David Murray And The Gwo-Ka Masters Featuring Pharoah Sanders

Gwo-Tet

BY David DacksPublished Aug 1, 2004

Damn! This is the best Defunkt album in years! It's hard not to flash back to Joe Bowie's coke-addled agit-dance workouts of the early ’80s during the 12 minutes of "Gwotet." It's a one-chord jam with serpentine horn charts and a guitarist who sounds like Vernon Reid without a distortion pedal. Sure, there's more hand drumming, which actually echoes where Defunkt is now, but the stew is much spicier. Murray has been getting to this point for years, starting with the African percussion experiments with the World Saxophone Quartet through his Afro-diasporic fusion projects.
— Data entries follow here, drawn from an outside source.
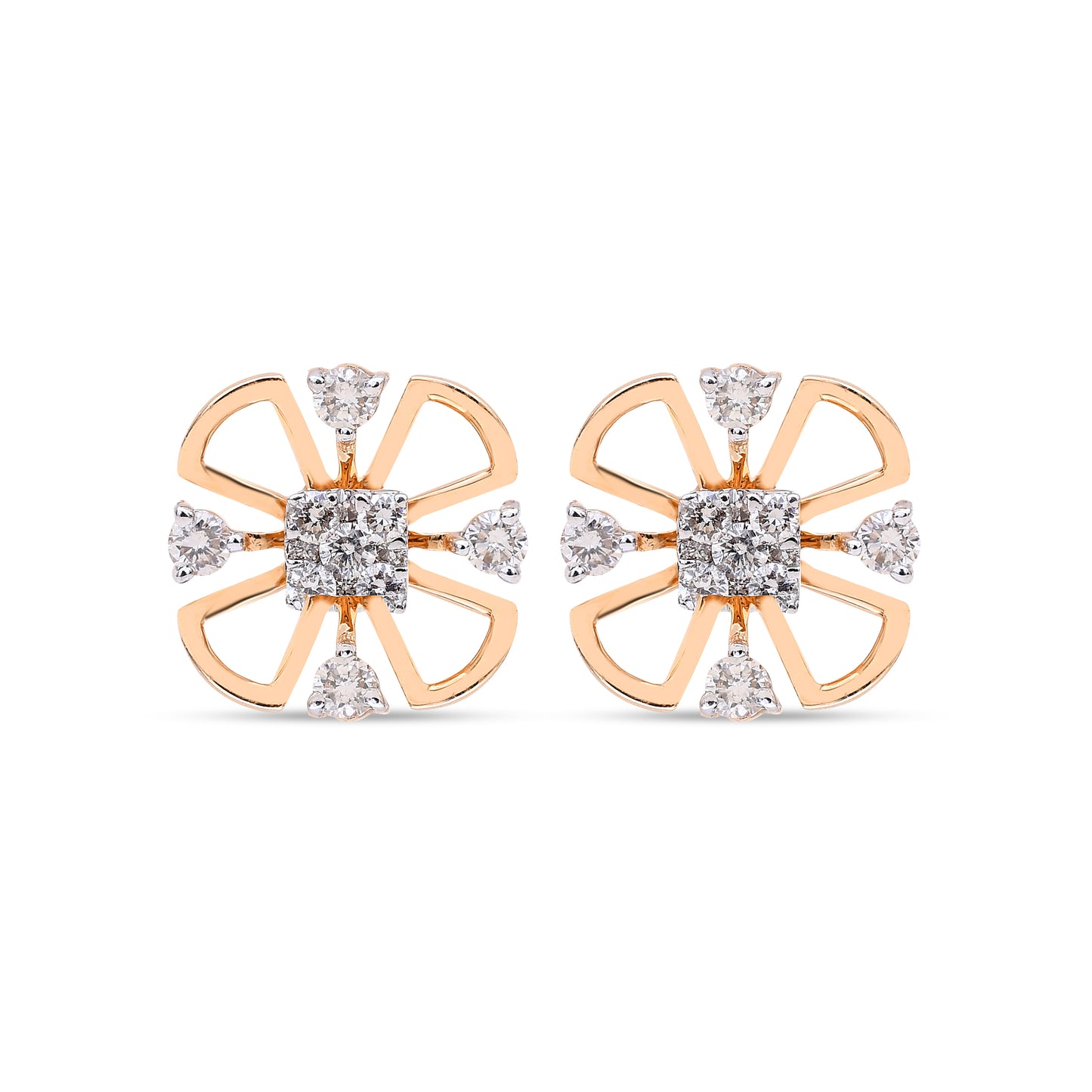 Asmaa Diamond Studs by Sonir - Timeless diamond earrings in a classic design, perfect for adding elegance to any outfit.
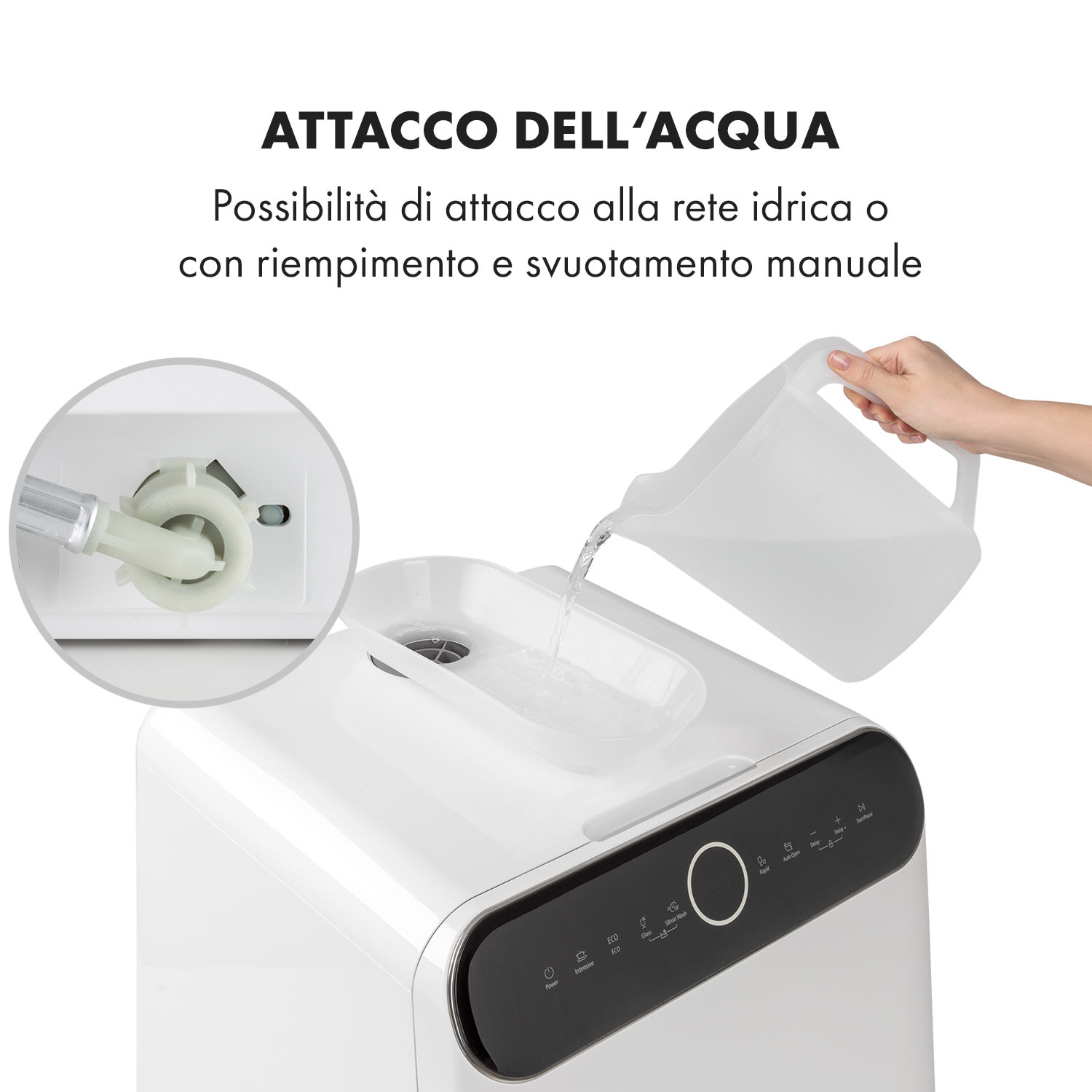 Oceana - Lavastoviglie, posizionamento libero, senza installazione, 2 coperti, 860 W, classe energetica F F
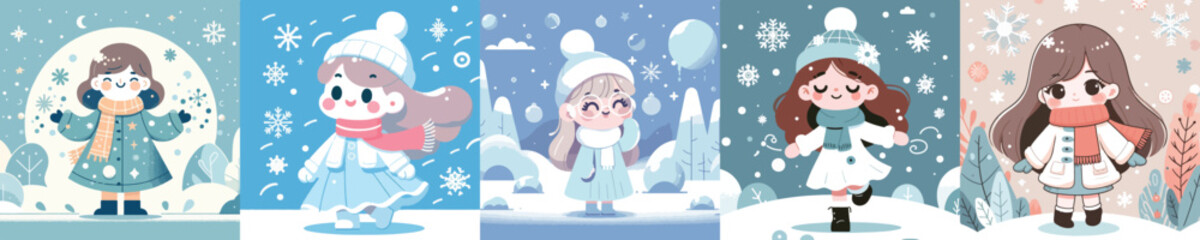 vector design of little boy playing snow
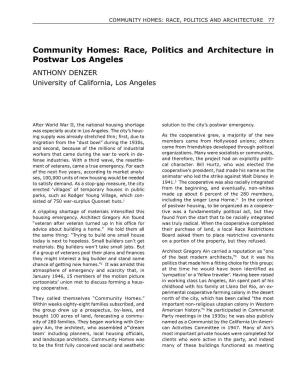 Community Homes: Race, Politics and Architecture in Postwar Los Angeles ANTHONY DENZER University of California, Los Angeles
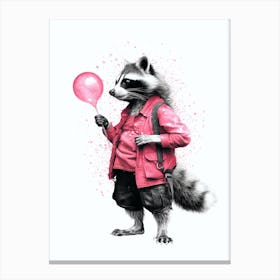 Raccoon With Pink Balloon 2 Canvas Print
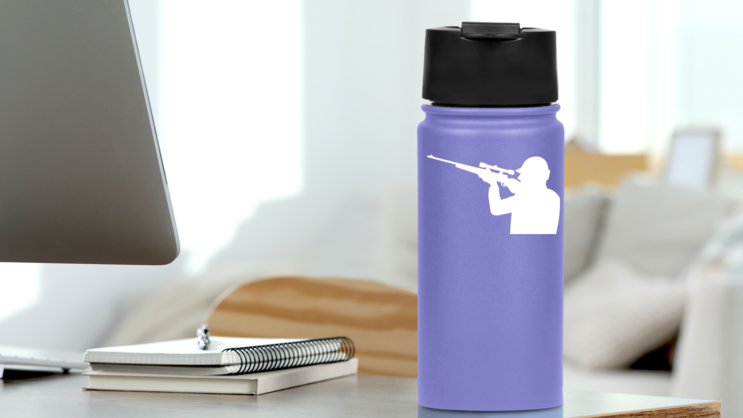 Hunter Shooting Gun Sticker on a Water Bottle (New) example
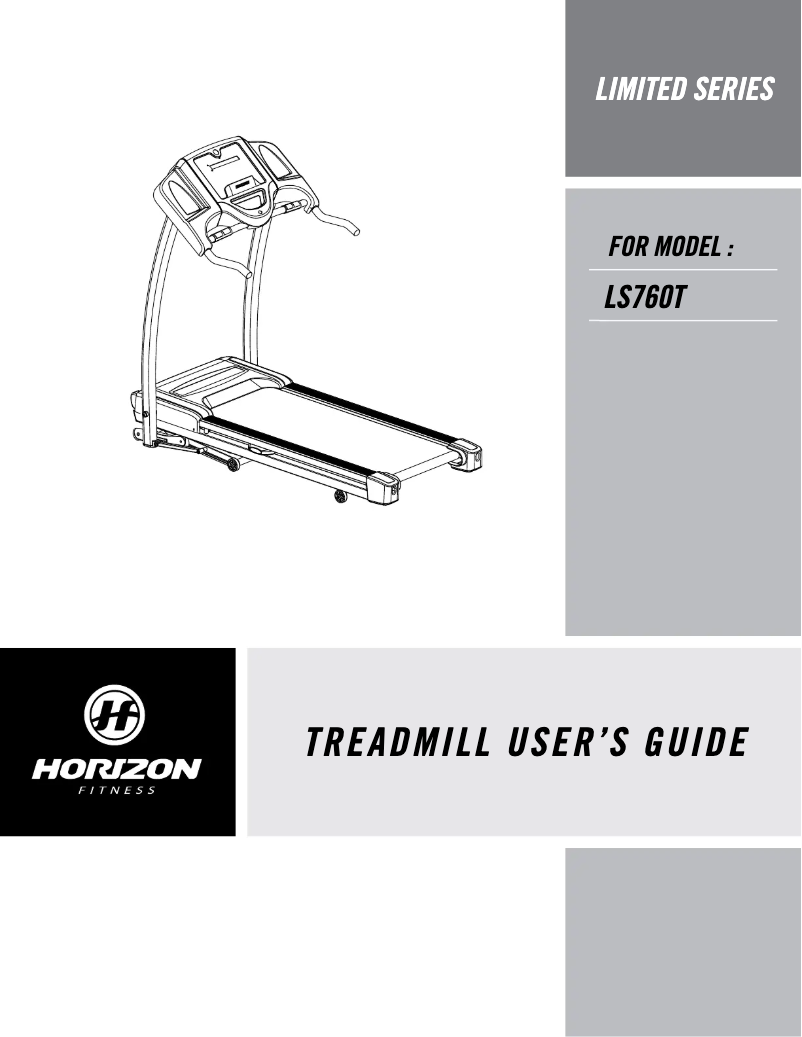 Página 1 del manual Manual de usuario Horizon Fitness Limited Series LS760T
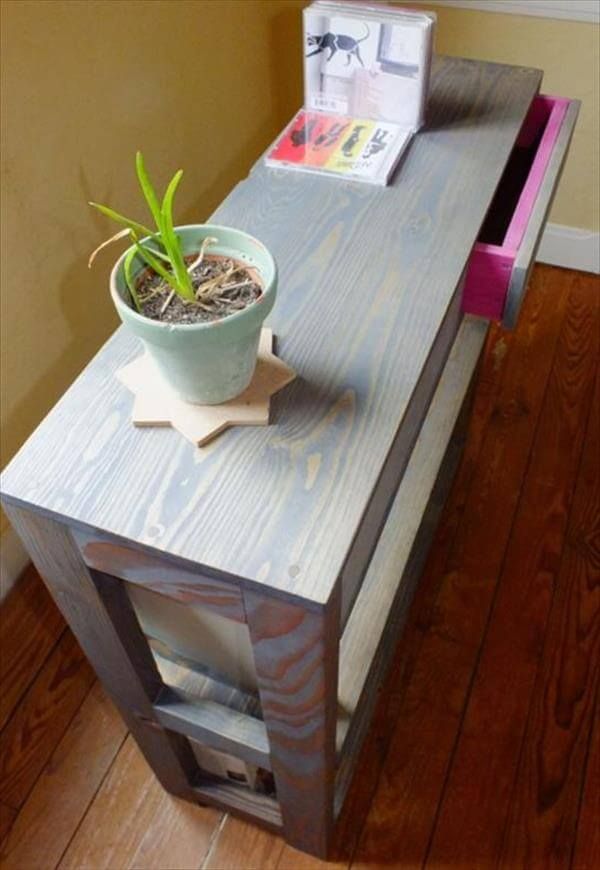 rustic pallet entry way table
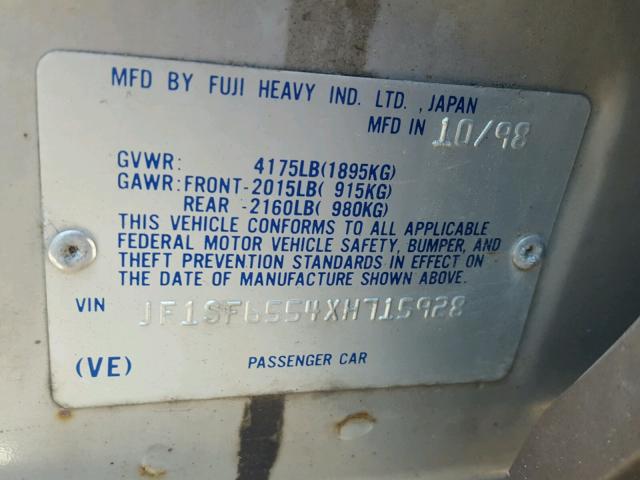 JF1SF6554XH715928 - 1999 SUBARU FORESTER S SILVER photo 10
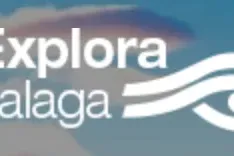 Logo Explora Malaga z białym tekstem na niebieskim tle i stylizowanym symbolem oka.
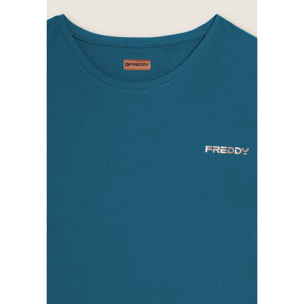 T-shirt tecnica con maniche ad aletta e profili a contrasto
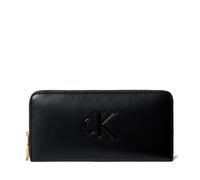 Geldbörse CALVIN KLEIN "RAISED CK LONG ZIP AROUND", schwarz, Lederimitat, unifarben, Basic, Kleinlederwaren, Damen Geldbeutel, Portemonnaie mit CK-Logo (81758245-0) schwarz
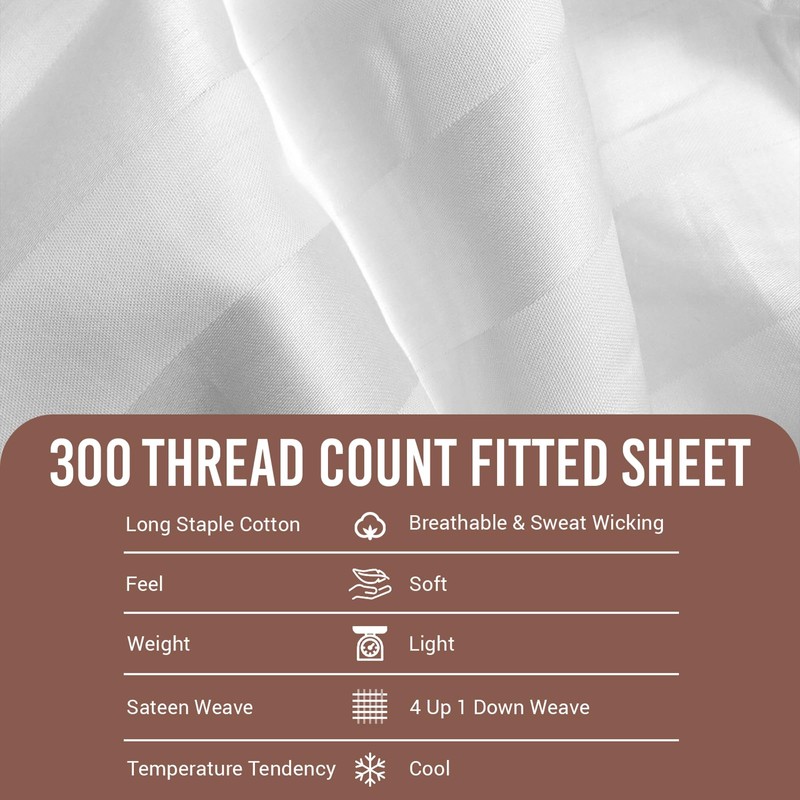 Pizuna 100% Cotton White Satin Stripe King Size Fitted Sheets,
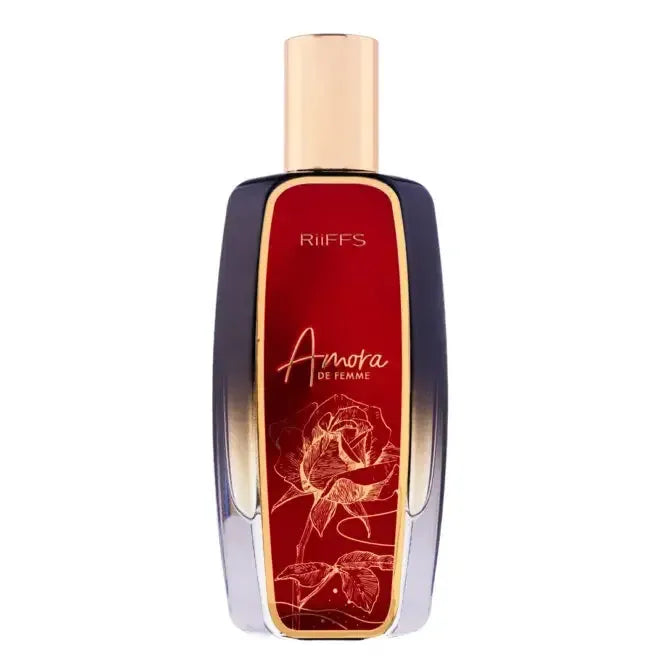Flesje parfum Amora de Femme met rode label en gouden dop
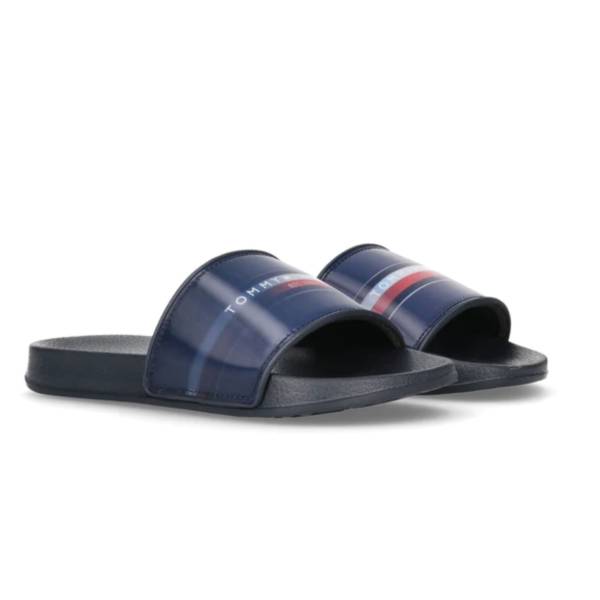 TOMMY HILFIGER LOGO-STRIPES POOL SLIDE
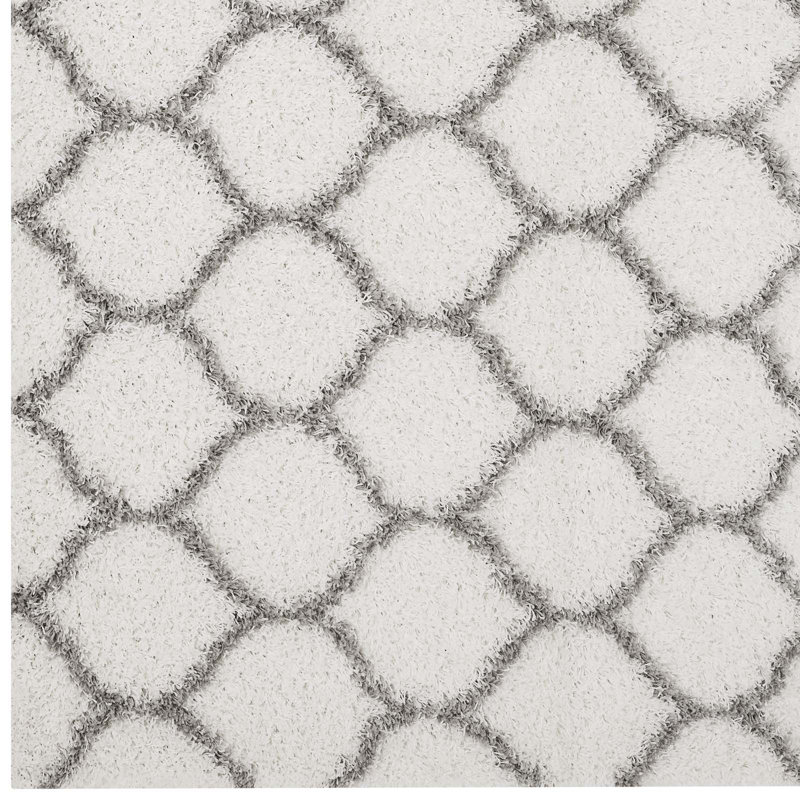 Solvea Moroccan Trellis Shag Area Rug, Rectangle 5' x 8'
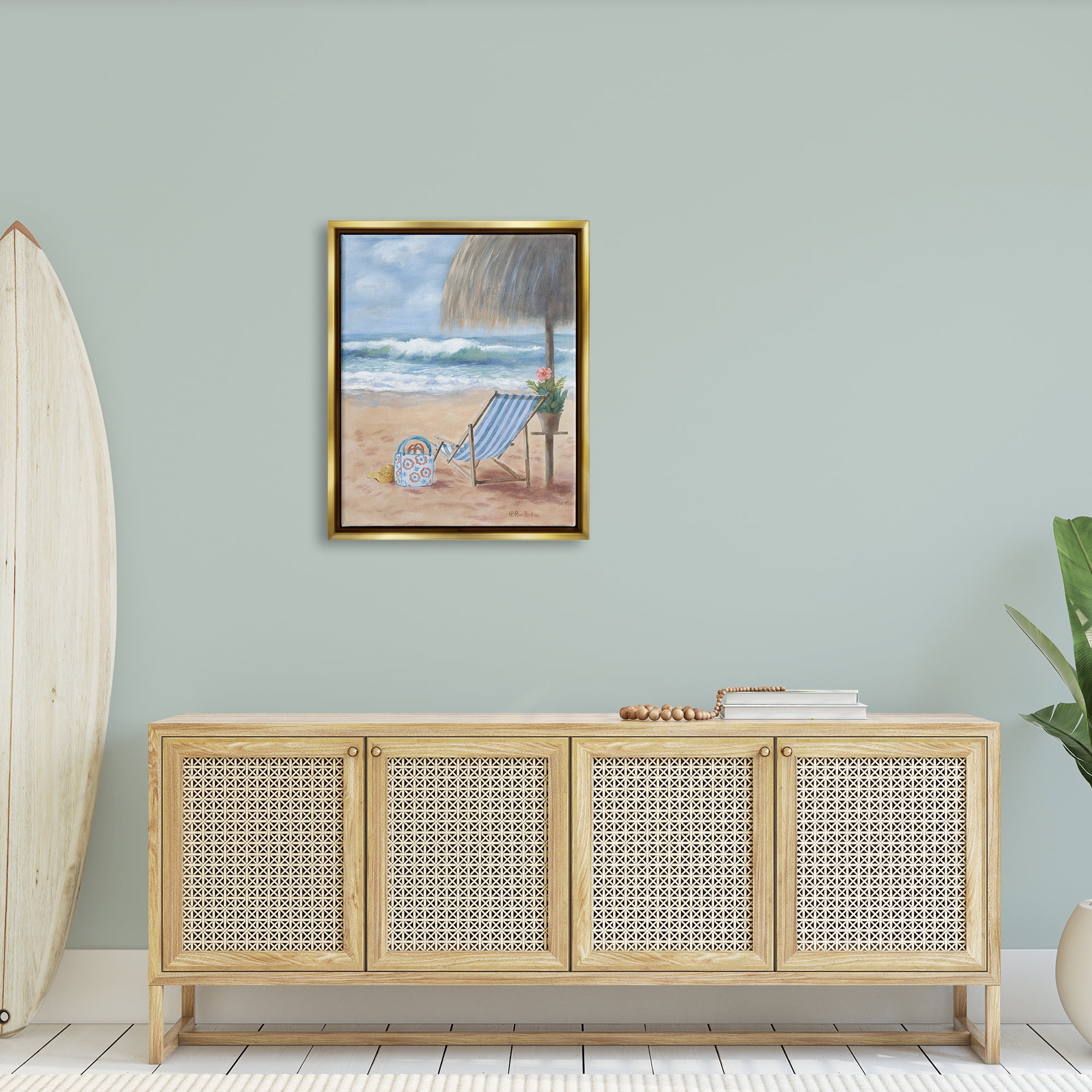 Stupell Beach Chair Tropical Relaxing Vacation Landscape Painting Gold Floater Framed Art Print Wall Art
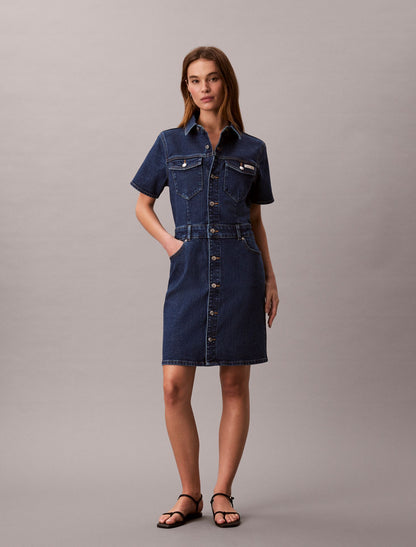 Denim Mini Trucker Dress - Calvin Klein Women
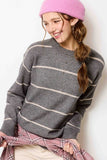 La Miel Loose Fit Striped Long Sleeve Sweater in Pebble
It’s taken Murray a few tries to settle his massive horn charts into equally massive grooves. He couldn't quite do it with last year's Cuban big band project Now Is Another Time, where the horn charts were too busy for the rest of the music, but the frenetic zouk and trans-Antillean sounds on this disc fit things perfectly. Pharoah Sanders bolsters the front line and makes sure that Murray isn't always the highest energy soloist here. This had been another problem with Murray's groove projects — no one else could bring the fury to match his own, but this is. Not so with Sanders, and additionally with the guitarist Christian Laviso. Another secret weapon is Hamid Drake, who locks everything together on drums. Best are the bass clarinet workout "Ouagadougou" (can anyone match him on this instrument?) and the rolling drums of "Ovwa." So when is Justin Time going to spring for a remix project?